• _Task data_:
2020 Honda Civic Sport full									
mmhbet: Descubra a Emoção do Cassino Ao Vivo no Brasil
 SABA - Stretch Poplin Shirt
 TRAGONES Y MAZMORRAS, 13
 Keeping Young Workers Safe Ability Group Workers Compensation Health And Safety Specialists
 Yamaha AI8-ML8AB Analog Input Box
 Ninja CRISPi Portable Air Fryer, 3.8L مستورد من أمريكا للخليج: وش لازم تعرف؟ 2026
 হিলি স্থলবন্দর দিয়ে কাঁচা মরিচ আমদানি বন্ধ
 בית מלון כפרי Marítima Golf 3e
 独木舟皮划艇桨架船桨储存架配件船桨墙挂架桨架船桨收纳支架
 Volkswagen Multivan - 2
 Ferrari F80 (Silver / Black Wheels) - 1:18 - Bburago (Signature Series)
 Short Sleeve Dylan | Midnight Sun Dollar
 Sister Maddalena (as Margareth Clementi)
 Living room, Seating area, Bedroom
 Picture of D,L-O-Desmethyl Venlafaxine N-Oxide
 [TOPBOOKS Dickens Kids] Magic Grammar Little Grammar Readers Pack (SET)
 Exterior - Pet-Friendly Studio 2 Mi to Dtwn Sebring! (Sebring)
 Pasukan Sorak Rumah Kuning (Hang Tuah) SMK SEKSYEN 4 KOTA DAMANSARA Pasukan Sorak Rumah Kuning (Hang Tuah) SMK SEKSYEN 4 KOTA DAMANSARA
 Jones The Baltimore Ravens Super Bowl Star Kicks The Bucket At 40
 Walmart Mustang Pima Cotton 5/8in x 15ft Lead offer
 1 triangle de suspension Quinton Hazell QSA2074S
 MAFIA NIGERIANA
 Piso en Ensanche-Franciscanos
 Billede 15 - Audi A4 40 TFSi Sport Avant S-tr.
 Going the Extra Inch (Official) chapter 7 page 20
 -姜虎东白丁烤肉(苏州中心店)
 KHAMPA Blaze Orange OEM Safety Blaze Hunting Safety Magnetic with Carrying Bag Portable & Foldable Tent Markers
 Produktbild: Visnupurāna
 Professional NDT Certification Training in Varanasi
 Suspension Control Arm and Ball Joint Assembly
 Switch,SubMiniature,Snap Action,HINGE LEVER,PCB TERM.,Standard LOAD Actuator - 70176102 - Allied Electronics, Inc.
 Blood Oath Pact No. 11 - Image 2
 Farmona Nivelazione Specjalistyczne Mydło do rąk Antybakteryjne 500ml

• _What to produce_:
Wherever the string "Safety" appears in the entries, copy that line.

• _Task answer_:
 Keeping Young Workers Safe Ability Group Workers Compensation Health And Safety Specialists
 KHAMPA Blaze Orange OEM Safety Blaze Hunting Safety Magnetic with Carrying Bag Portable & Foldable Tent Markers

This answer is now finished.